▶ EXERCISE BRIEF
Leave every image out, and return the rest of the data word for word.

▶ COLLECTED MATERIAL
◆ ◆ ◆ ◆ ◆ ◆ ◆
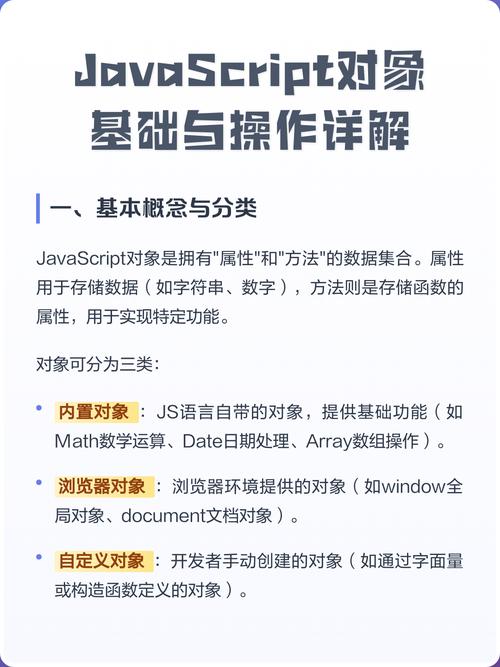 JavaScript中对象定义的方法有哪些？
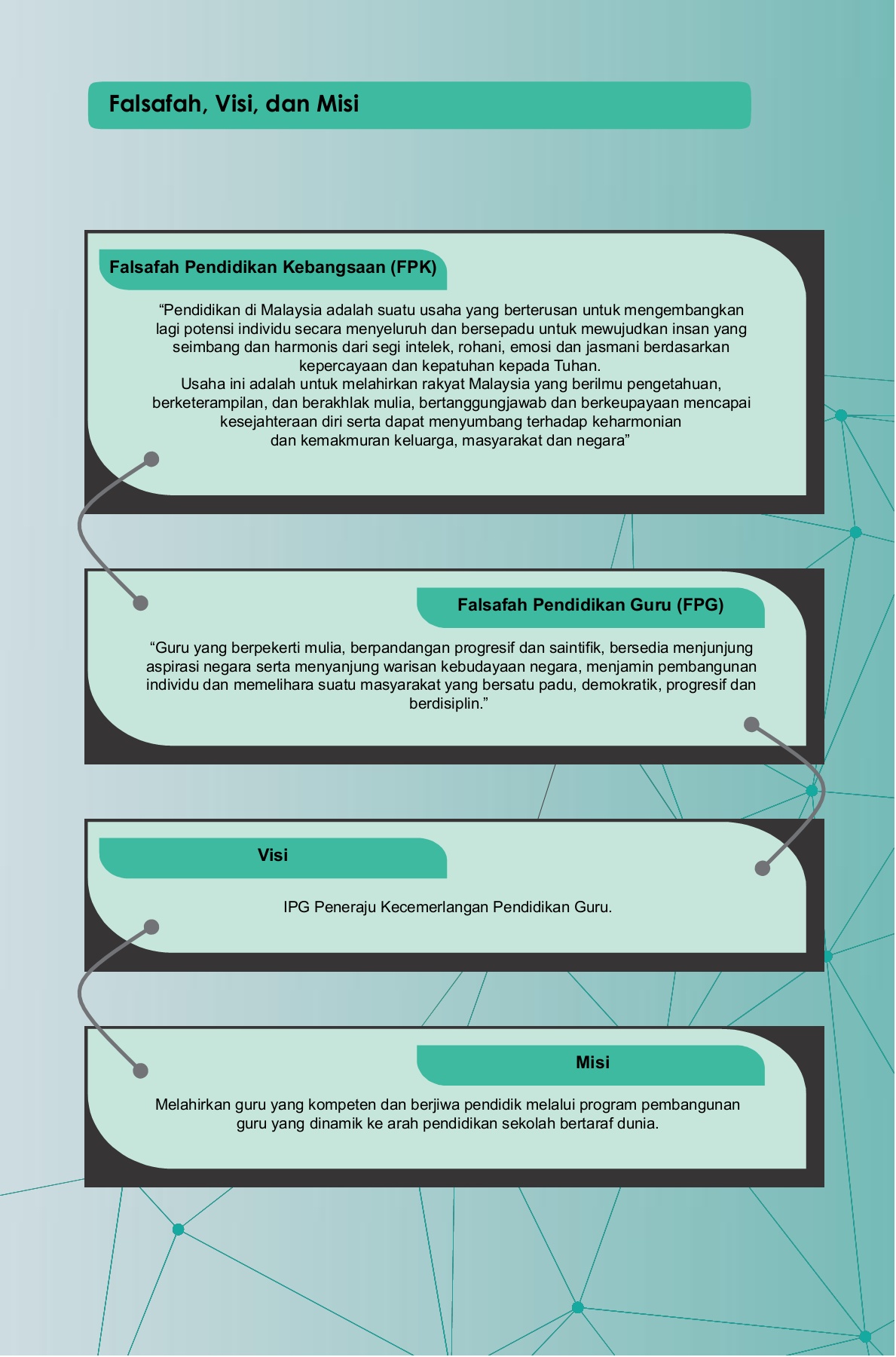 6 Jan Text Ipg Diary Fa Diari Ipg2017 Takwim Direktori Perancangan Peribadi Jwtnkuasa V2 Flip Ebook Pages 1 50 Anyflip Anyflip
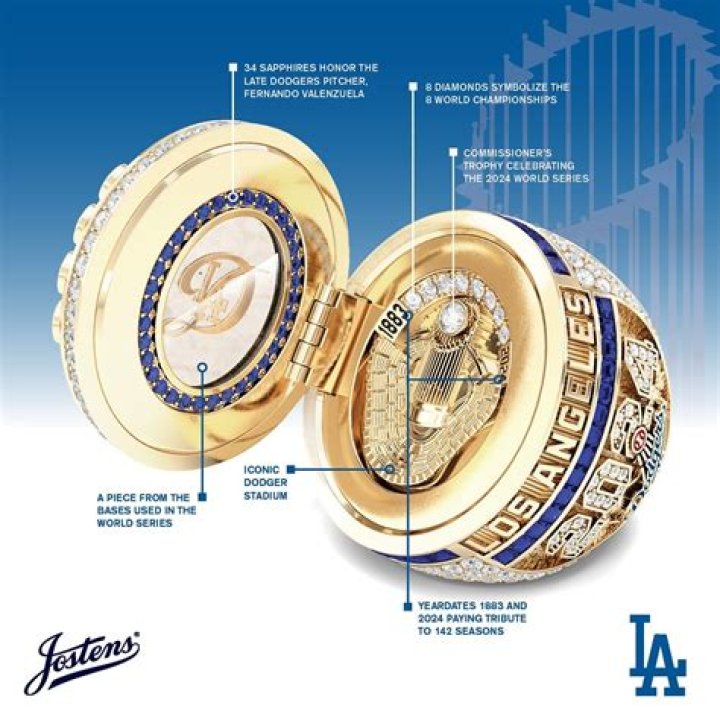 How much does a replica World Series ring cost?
◆ ◆ ◆ ◆ ◆ ◆ ◆
▶ EXERCISE ANSWER
 JavaScript中对象定义的方法有哪些？
 6 Jan Text Ipg Diary Fa Diari Ipg2017 Takwim Direktori Perancangan Peribadi Jwtnkuasa V2 Flip Ebook Pages 1 50 Anyflip Anyflip
 How much does a replica World Series ring cost?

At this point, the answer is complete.